The National Science Foundation awarded a Florida State University professor a $410,000 grant to create a software tool designed to help scientists make more accurate predictions regarding populations of endangered or commercially exploited animal species.
Peter Beerli, a professor with the Department of Scientific Computing in the FSU College of Arts and Sciences, will lead the project to develop the new tool, which will help generate more accurate estimates of population size and genetic diversity in different species. The new software could help with problems such as controlling pathogen outbreaks, improving regulations of catch quotas for commercial fishing and preservation of endangered species.
Beerli will work with former FSU postdoctoral researcher Somayeh Mashayekhi, now an assistant professor of mathematics at Kennesaw State University in Georgia, to develop the new tool.
“Somayeh and I are so excited because this grant allows us to improve on work we have done while she was here at FSU, and this allows for expanding one of the core theories in my field of population genetics,” Beerli said.
The team plans to build upon a mathematical theory they developed in 2019 that generalizes coalescence theory, a model that uses the genealogy of a random sample of individuals in a population to make statements about the population based on the descendancy of common traits.

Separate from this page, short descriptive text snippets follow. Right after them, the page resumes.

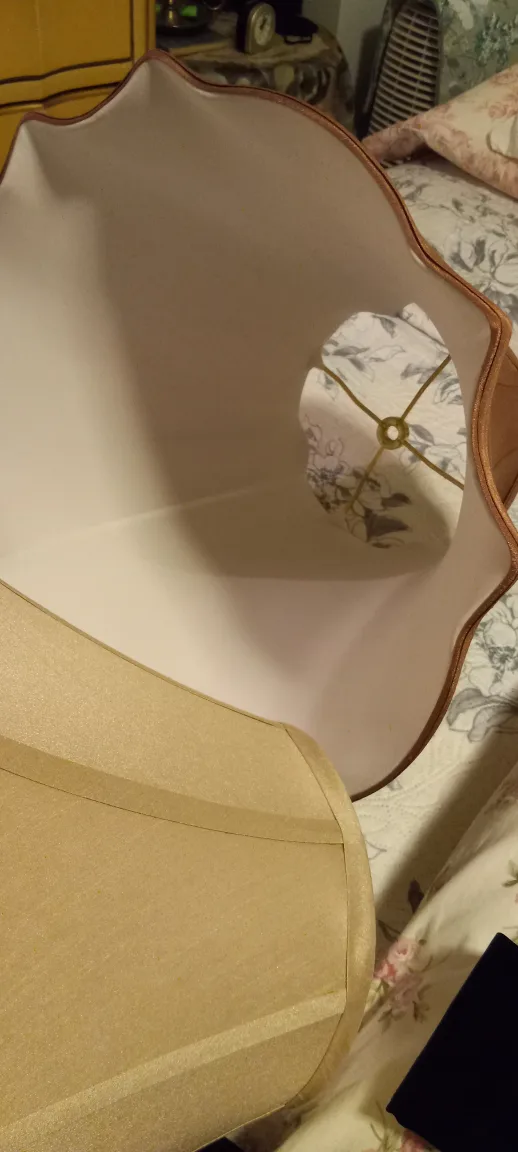 Two Lamp Shades image indicator(4)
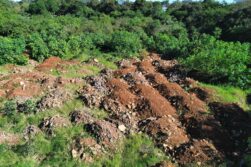 Piden investigar posible DAÑO AMBIENTAL en predio del Club Acaray donde hay HUMEDALES y CAUCE HÍDRICO.
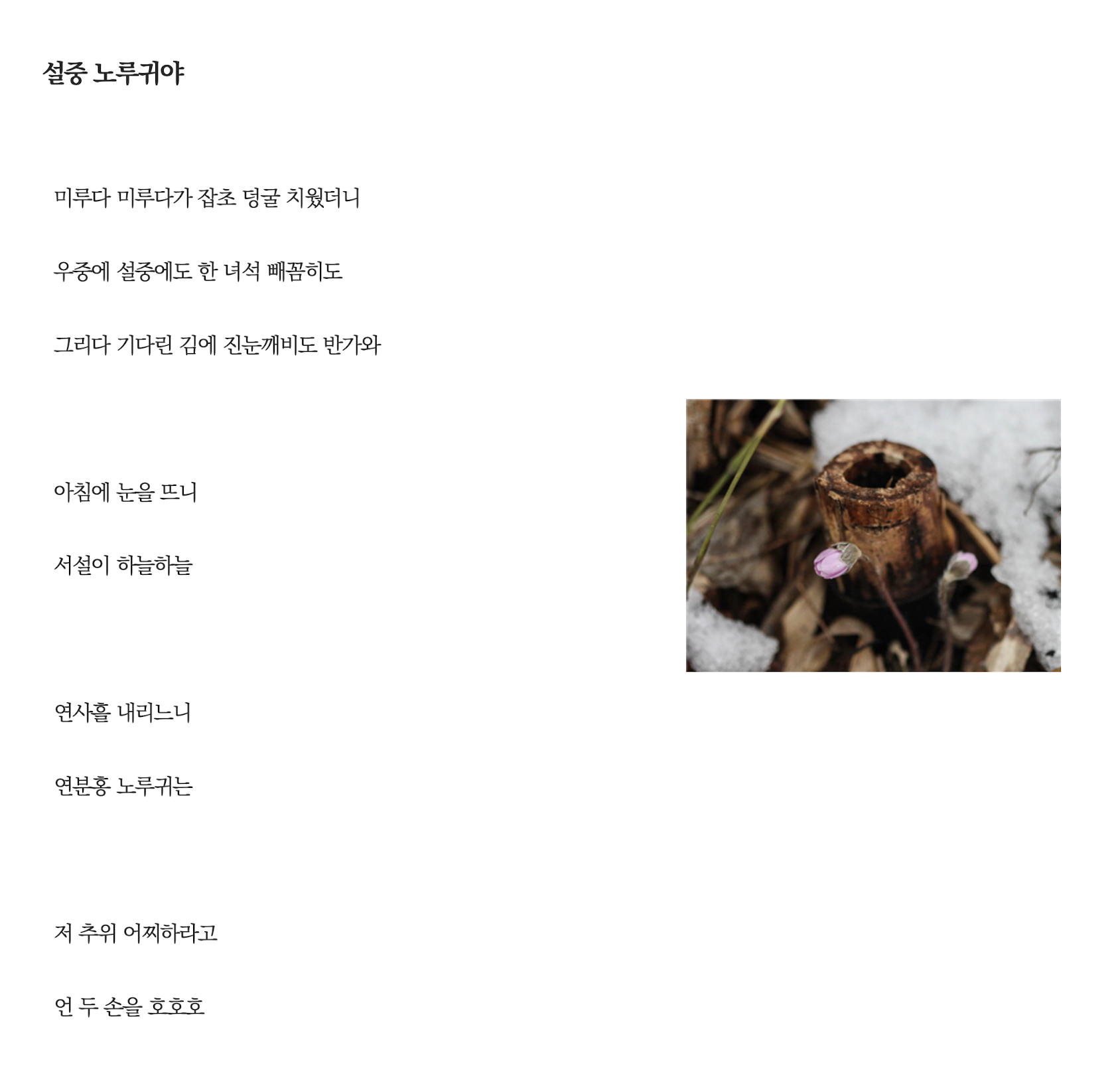 설중노루귀야.png
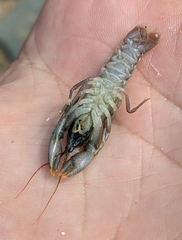 Cambarus bartonii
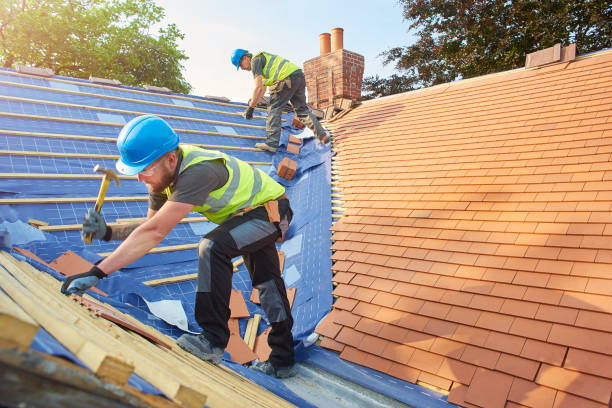 Best Roofing for New Construction  in Knoxvle, IL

“Currently, our generalization is limited and cannot discuss data that comes from multiple populations,” Beerli said. “We will expand our theory and our existing, open-source inference program, MIGRATE, to include these new findings.”
After using simulated data to test the new software, the team will collaborate with researchers using the MIGRATE software to reanalyze a variety of real datasets. This will help researchers establish correlations of variability of offspring numbers with the life history of different species.

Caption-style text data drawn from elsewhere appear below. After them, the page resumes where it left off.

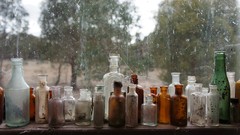 Web bottles decay cobb web grampians nex-5 sony nex 5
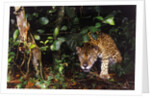 Jaguar in Rainforest by Anonymous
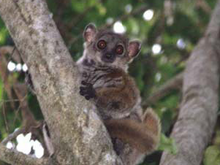 Lepilemur aeeclis c.PNG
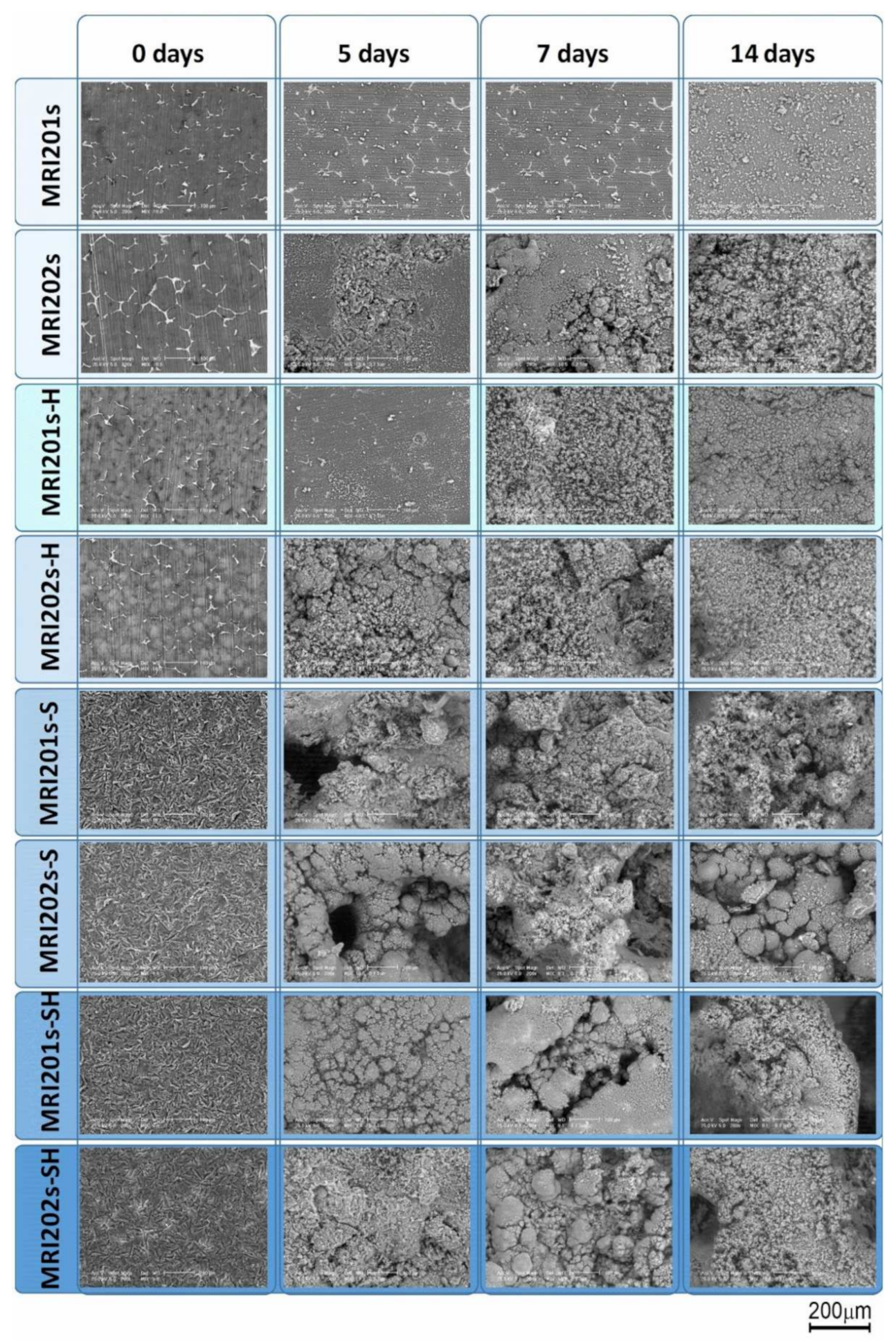 Materials 15 00566 g011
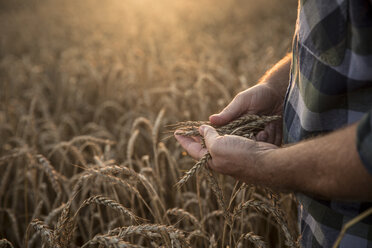 Hände eines kaukasischen Mannes, der Weizen auf einem Feld untersucht - BLEF00300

The new software also aims to solve a significant problem that exists with current populations genetics theory: the assumption that a given population exists in a homogenous environment.
“With natural populations, we know that this is not true, in that some individuals are lucky and have offspring under conditions where all survive, while others may fail to produce offspring at all,” Beerli said.“We offer a theoretical advancement that allows us to measure this heterogeneity in populations. This will lead to better predictions and maintenance of populations of interest, for example, the maintenance of endangered or commercially interesting species.”

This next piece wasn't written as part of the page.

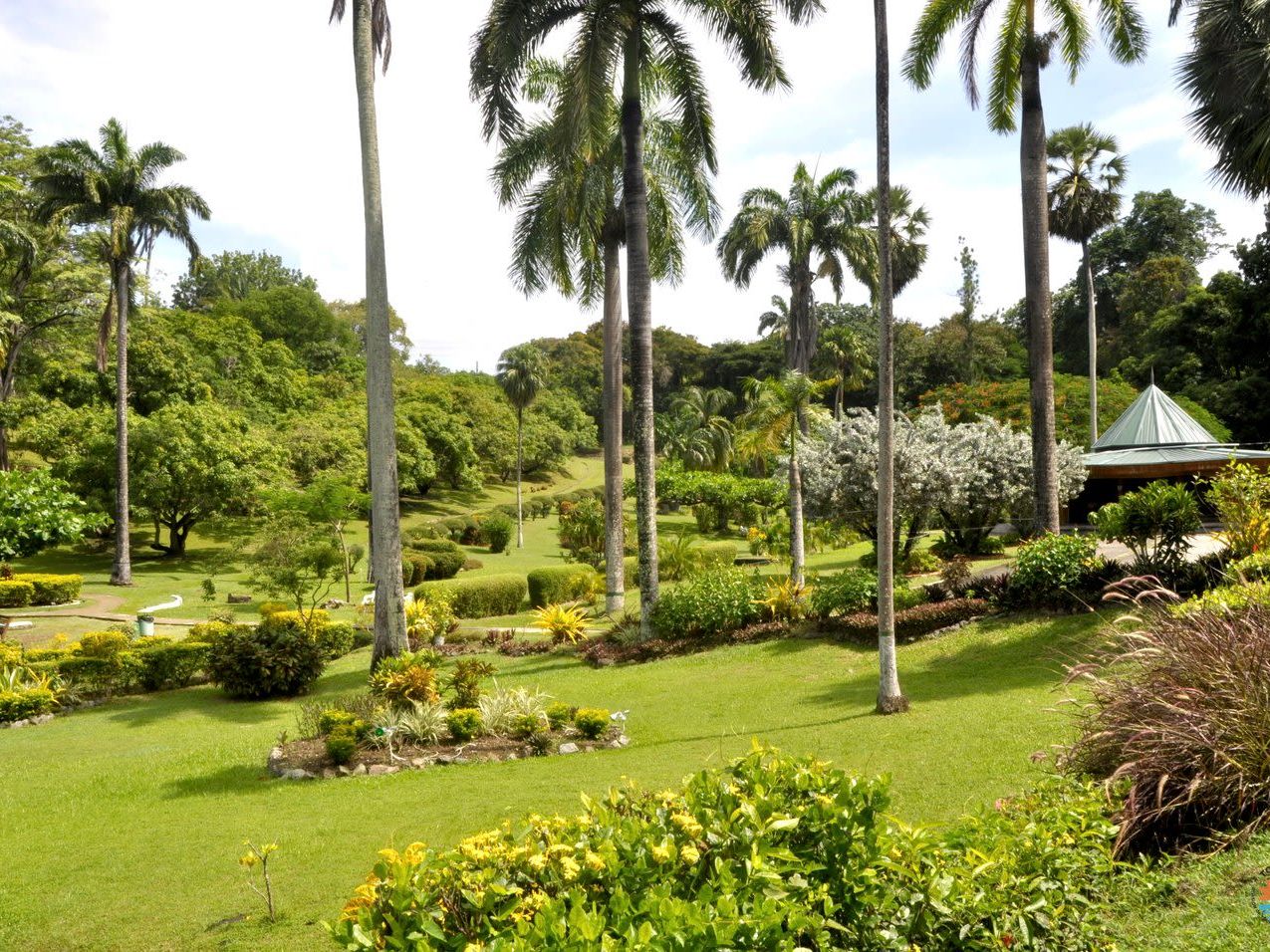 Scarborough Heritage Walk and Markets and Afternoon activity Being with Horses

In addition to applications for predicting animal populations, the software also will serve as a valuable new tool in the global fight to stop the spread of various infectious diseases threatening humankind. Beerli points to the various coronavirus strains in the COVID-19 pandemic as an example of why this improved accuracy is so important in curbing the effects of pathogens in a population.
“This research addresses the assumption that the populations being studied have a relatively constant number of offspring per generation,” he said. “Scientific observation has shown that this assumption is incorrect. For example, some SARS-CoV-2 strains are more successful in infecting people than others, suggesting that the ancestor with a new mutation has many more ‘offspring’ than others.”
Department of Scientific Computing chair Gordon Erlebacher said the new software will be a boon to the research community and the resulting improvement to accuracy will decrease bias in data translation and analysis used in policy decisions.
“Peter Beerli is world-renowned in the realm of population genetics,” Erlebacher said. “In these days of national emergency and misinformation or disinformation, models that remove unrealistic assumptions become increasingly relevant. This award will help with the department’s mission of training students in state-of-the-art modeling and computational techniques with applications across a broad swath of subject areas.”